Hreflang tags tell search engines which language and regional version of a page to show to users based on their location and language settings. They're HTML attributes that link all translations of the same page together.

Implementation: add `<link rel="alternate" hreflang="en" href="https://example.com/page">` and `<link rel="alternate" hreflang="fr" href="https://example.com/fr/page">` to the `<head>` of EVERY language version. Each page must reference ALL other versions, including itself. Include `hreflang="x-default"` pointing to the default/fallback page.

Common mistakes: 1) Missing return links — if page A points to page B, page B must point back to page A. Missing returns cause Google to ignore the tags entirely. 2) Wrong language codes — use ISO 639-1 ("en", "fr", "de"), optionally with region ("en-US", "en-GB").
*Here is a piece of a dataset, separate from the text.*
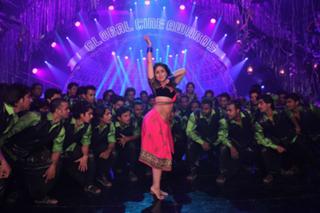 Kareena Kapoor feet photo thumbnail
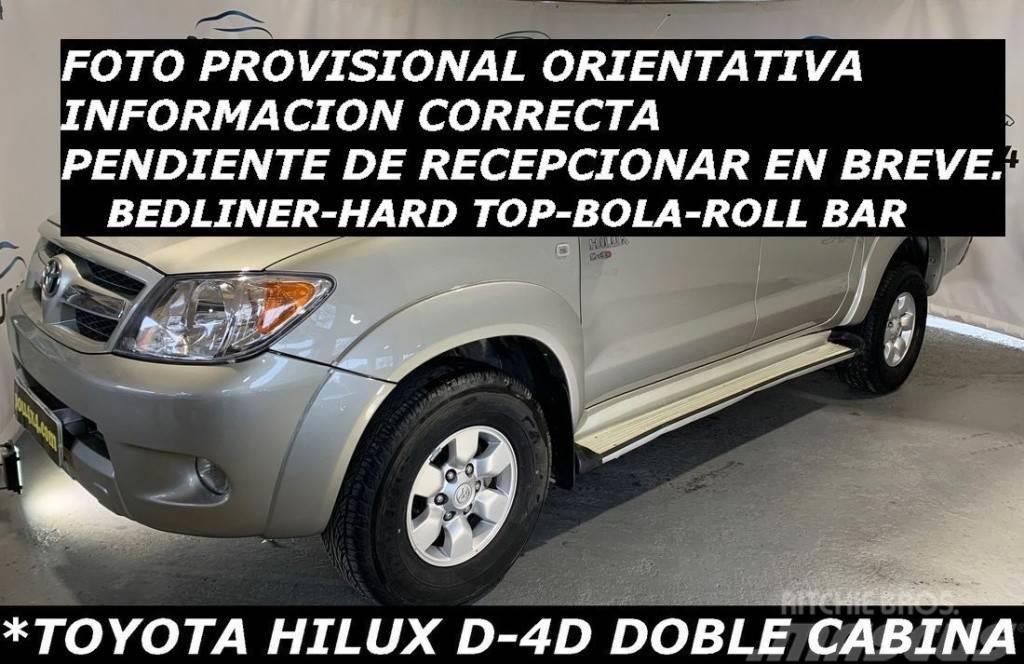 Toyota Hilux 2.5D-4D Cabina Doble VX Preču pārvadāšanas furgoni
Don't use country codes alone. 3) Non-canonical URLs — hreflang must point to canonical URLs, not redirected or parameterized versions. 4) Incomplete coverage — every language version must list every other language version. If you have 20 languages, each page needs 21 hreflang tags (20 languages + x-default).

Alternative implementation: instead of HTML tags, you can specify hreflang in your XML sitemap using `<xhtml:link>` elements. This is often cleaner for sites with many languages and avoids bloating the HTML `<head>`.

Validation: use Google Search Console's International Targeting report and Ahrefs' hreflang checker.